U.S. fires four times larger, three times more frequent since 2000

New analysis confirms a palpable change in fire dynamics already suspected by many

Trees burning during the 2013 Alder Fire
Trees burning during the 2013 Alder Fire in Yellowstone National Park.
- Mike Lewelling, National Park Service

Fires have gotten larger, more frequent and more widespread across the United States since 2000, according to a new CIRES Earth Lab-led paper. Recent wildfires have stoked concern that climate change is causing more extreme events, and the work published today in Science Advances shows that large fires have not only become more common, they are also spreading into new areas, impacting land that previously did not burn.

“Projected changes in climate, fuel and ignitions suggest that we’ll see more and larger fires in the future. Our analyses show that those changes are already happening,” said Virginia Iglesias, a research scientist with CIRES' Earth Lab and lead author of the paper.

To evaluate how the size, frequency and extent of fires have changed in the United States, Iglesias and her colleagues analyzed data from over 28,000 fires that occurred between 1984 and 2018 from the Monitoring Trends in Burn Severity (MTBS) dataset, which combines satellite imagery with the best available state and federal fire history records.

The team found that there were more fires across all regions in the contiguous United States from 2005 to 2018 compared to the previous two decades. In the West and East, fire frequency doubled, and in the Great Plains, fire frequency quadrupled. As a result, the amount of land burned each year increased from a median of 1,552 to 5,502 square miles (4,019 to 14,249 km2) in the West and from 465 to 1,295 square miles (1,204 to 3,354 km2) in the Great Plains.

The researchers also took a closer look at the most extreme fire events in each region. They found that in the West and Great Plains, the largest wildfires grew bigger and ignited more often in the 2000s. Throughout the record, large fires were more likely to occur around the same time as other large fires.

“More and larger co-occurring fires are already altering vegetation composition and structure, snowpack and water supply to our communities,” Iglesias explained. “This trend is challenging fire-suppression efforts and threatening the lives, health and homes of millions of Americans.”

Finally, the team discovered that the size of fire-prone areas increased in all regions of the contiguous United States in the 2000s, meaning that not only is the distance between individual fires getting smaller than it was in the previous decades, but also that fires are spreading into areas that did not burn in the past. 

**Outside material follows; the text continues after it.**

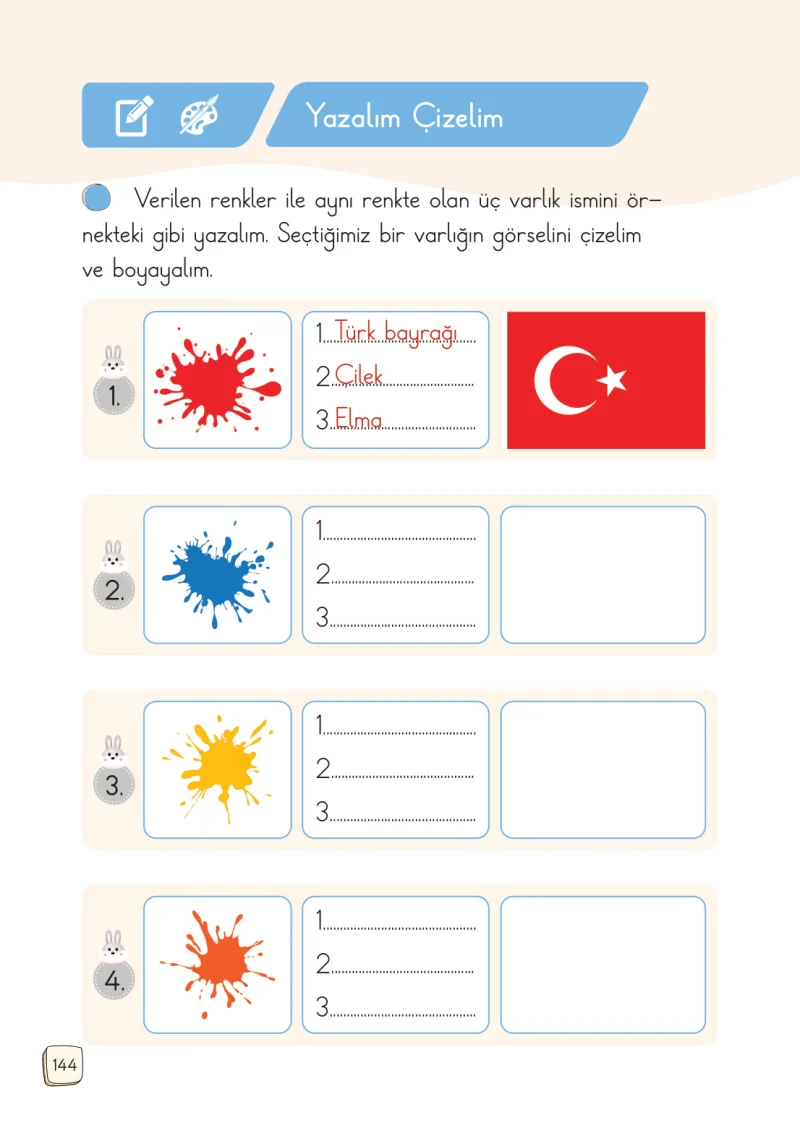 1. Sınıf Türkçe Ders Kitabı Cevapları Meb Yayınları 1. Kitap Sayfa 144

These results confirm a palpable change in fire dynamics that has been suspected by the media, public and fire-fighting officials. Unfortunately, the results also align with other troubling risk trends, such as the fact that development of natural hazard zones is also increasing wildfire risk. “These convergent trends, more large fires plus intensifying development, mean that the worst fire disasters are still to come,” said co-author and Earth Lab deputy director, William Travis.

The study authors suggest that to adapt and build resilience to wildfire impacts, planners and stakeholders must account for how fire is changing and how it is impacting vulnerable ecosystems and communities.